• Your objective:
List each line of the data in which the string "Shoes" appears.

[Records supplied — start]

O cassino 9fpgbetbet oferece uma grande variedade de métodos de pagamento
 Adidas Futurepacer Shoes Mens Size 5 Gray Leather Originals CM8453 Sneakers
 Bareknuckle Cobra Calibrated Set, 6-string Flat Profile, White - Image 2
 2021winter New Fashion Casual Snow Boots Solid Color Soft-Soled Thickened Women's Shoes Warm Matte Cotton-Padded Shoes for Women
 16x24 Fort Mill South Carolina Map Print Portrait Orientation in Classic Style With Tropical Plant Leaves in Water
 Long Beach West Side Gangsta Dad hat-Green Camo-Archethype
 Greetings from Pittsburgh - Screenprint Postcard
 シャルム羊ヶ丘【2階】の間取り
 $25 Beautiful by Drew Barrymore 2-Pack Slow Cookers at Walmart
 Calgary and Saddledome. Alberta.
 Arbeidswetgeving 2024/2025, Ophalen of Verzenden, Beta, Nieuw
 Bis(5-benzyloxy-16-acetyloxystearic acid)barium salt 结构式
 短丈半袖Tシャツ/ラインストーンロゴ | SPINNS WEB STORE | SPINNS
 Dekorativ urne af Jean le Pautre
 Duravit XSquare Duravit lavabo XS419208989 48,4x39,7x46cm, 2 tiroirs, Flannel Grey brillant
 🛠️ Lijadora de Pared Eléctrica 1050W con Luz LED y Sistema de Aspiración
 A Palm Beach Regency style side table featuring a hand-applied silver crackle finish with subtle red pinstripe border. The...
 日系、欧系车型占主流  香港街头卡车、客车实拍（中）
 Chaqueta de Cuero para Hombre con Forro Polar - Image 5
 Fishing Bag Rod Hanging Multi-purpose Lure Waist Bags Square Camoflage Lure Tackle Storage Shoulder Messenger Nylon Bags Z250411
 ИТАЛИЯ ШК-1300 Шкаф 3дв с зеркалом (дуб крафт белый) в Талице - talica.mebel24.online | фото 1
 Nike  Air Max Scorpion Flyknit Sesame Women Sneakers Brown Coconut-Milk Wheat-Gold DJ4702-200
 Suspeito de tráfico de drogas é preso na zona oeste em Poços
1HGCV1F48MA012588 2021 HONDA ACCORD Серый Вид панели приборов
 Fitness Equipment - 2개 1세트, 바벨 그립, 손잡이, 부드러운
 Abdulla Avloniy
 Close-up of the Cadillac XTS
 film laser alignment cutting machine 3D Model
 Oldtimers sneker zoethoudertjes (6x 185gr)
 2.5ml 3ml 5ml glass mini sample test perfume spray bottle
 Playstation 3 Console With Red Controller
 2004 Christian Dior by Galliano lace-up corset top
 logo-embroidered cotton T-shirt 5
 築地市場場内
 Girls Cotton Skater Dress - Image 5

[Records supplied — finish]

• Answer to this task:
 Adidas Futurepacer Shoes Mens Size 5 Gray Leather Originals CM8453 Sneakers
 2021winter New Fashion Casual Snow Boots Solid Color Soft-Soled Thickened Women's Shoes Warm Matte Cotton-Padded Shoes for Women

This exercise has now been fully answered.